[Exercise details] Word for word, copy the data that follows and skip its pictures.

[Information supplied]
# # # # # # #

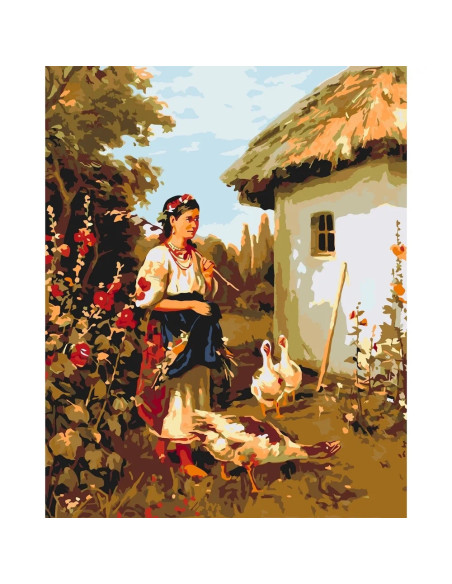Pictura pe numere cu sasiu 40x50 cm LW3161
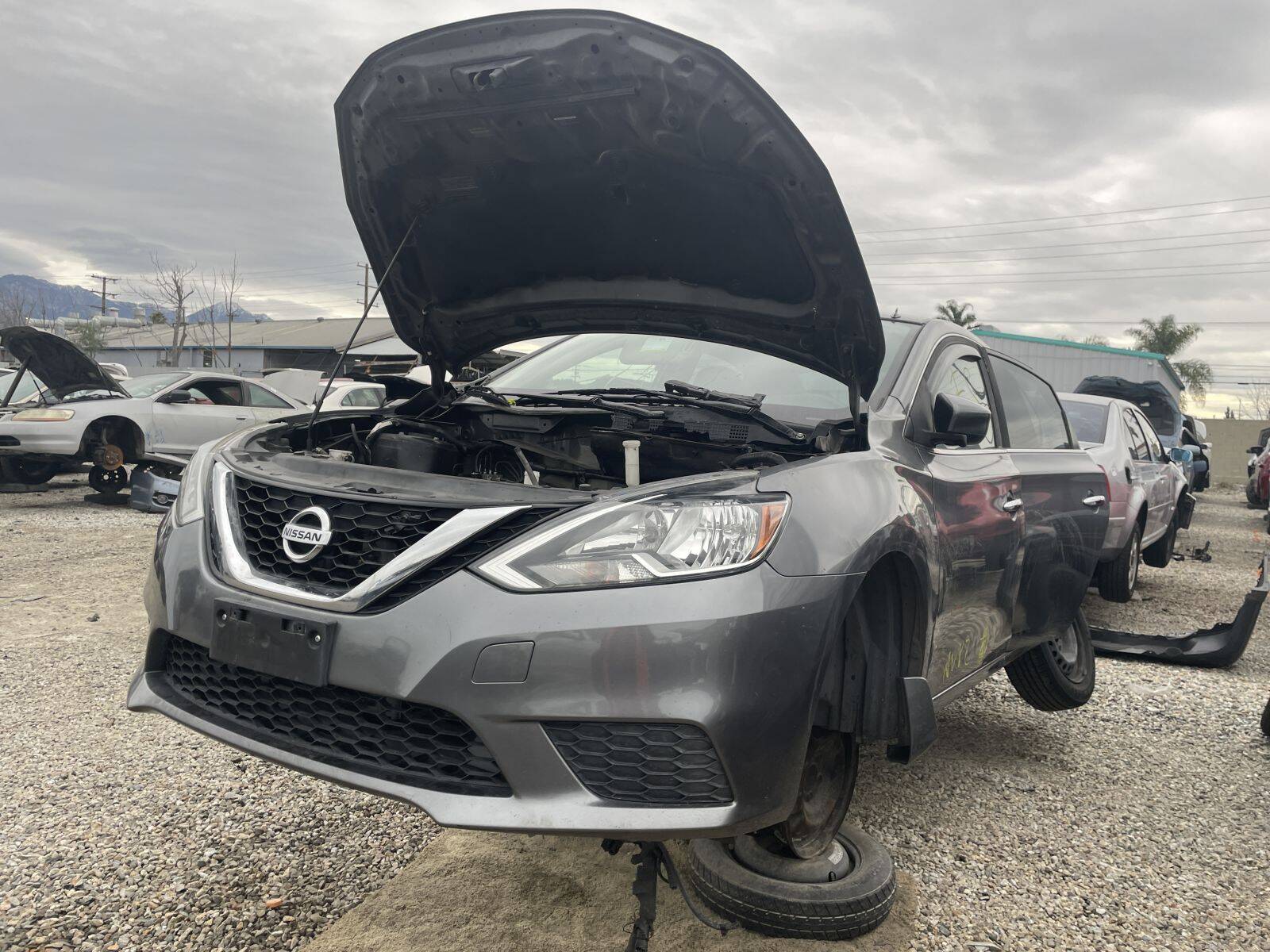 Artículo del catálogo POM061213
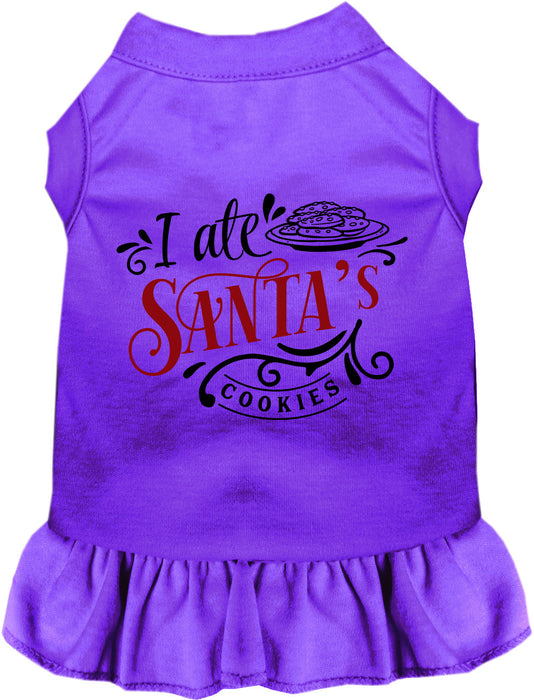 I Ate Santa's Cookies Pet Dress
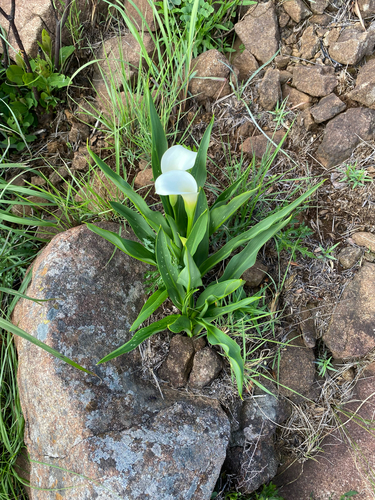 Zantedeschia rehmannii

# # # # # # #

[Response to this exercise]
Pictura pe numere cu sasiu 40x50 cm LW3161
 Artículo del catálogo POM061213
 I Ate Santa's Cookies Pet Dress
 Zantedeschia rehmannii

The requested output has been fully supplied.